Does the response depend on X?
In a normal linear model, the response has a distribution whose mean, µy, depends linearly on the explanatory variable,
Y ~ normal (μy , σ)
If the slope parameter, β1, is zero, then the response has a normal distribution that does not depend on X.
Y ~ normal (β0 , σ)
If the slope is zero, there is no association between Y and X.
In experimental data where lurking variables have been avoided, we can further say that X does not affect Y.
Hypothesis test
This can be tested formally with a hypothesis test for whether β1 is zero.

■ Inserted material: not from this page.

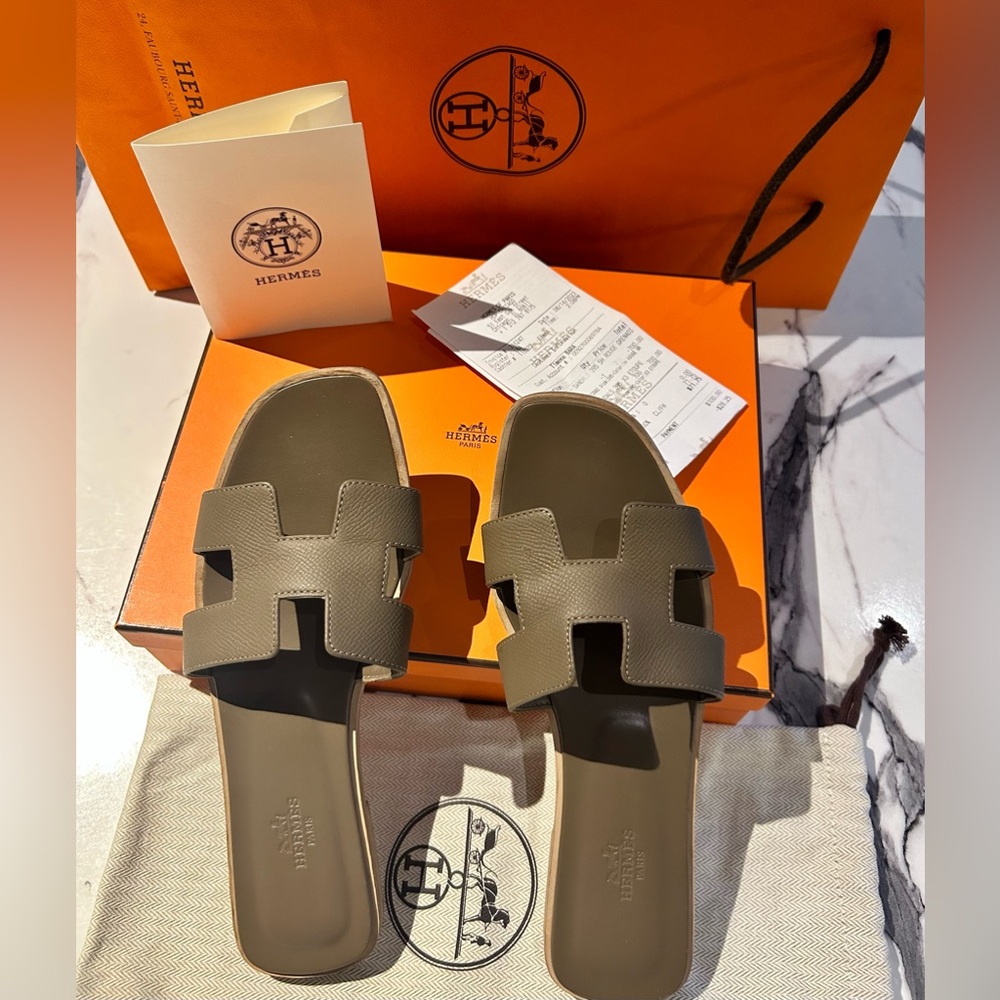 HERMES ORAN Sandal, Slides. Sold out ETOUPE color. Euro sz 39.5 US size 8.5 or 9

The methodology is similar to that for tests about a population mean or proportion and will be described in the rest of this section.

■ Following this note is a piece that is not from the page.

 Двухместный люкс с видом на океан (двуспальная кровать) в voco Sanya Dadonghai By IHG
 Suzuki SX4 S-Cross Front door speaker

It is important to remember that a single data set can provide evidence about whether β1 = 0, but it usually does not allow a definite conclusion to be reached.

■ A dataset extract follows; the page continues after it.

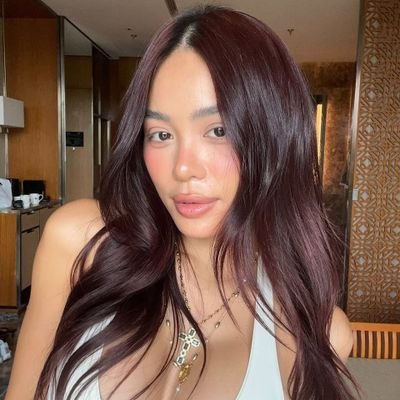 cuc38569's profile picture. Books are my escape ,My superpower is getting lost in them📚 I'm new here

Model for the effect of a drug in reducing heart rate
We consider linear models for the effect of a drug (mg) in lowering the heart rate of adults. The response is the reduction in heart rate (before minus after receiving the drug) in beats per minute.
Testing whether β1 is zero therefore tests whether the drug has any effect.
(Note that the models all predict a positive reduction in heart rate, even with a zero dose of the drug. The mean response with a zero dose, β1, is a placebo effect — a measure of the psychological effect of knowing that a drug has been administered.)
The diagram below shows the same range of models, but allows us to see typical data from the models.
The slider again allows the model's slope to be altered. Change the slope to zero.
Click Take sample a few times to see typical experimental data from the model. (There are 4 measurements at each of 4 levels of the drug.)
The least squares line usually has non-zero slope, so a single data set cannot immediately tell you whether β1 is zero.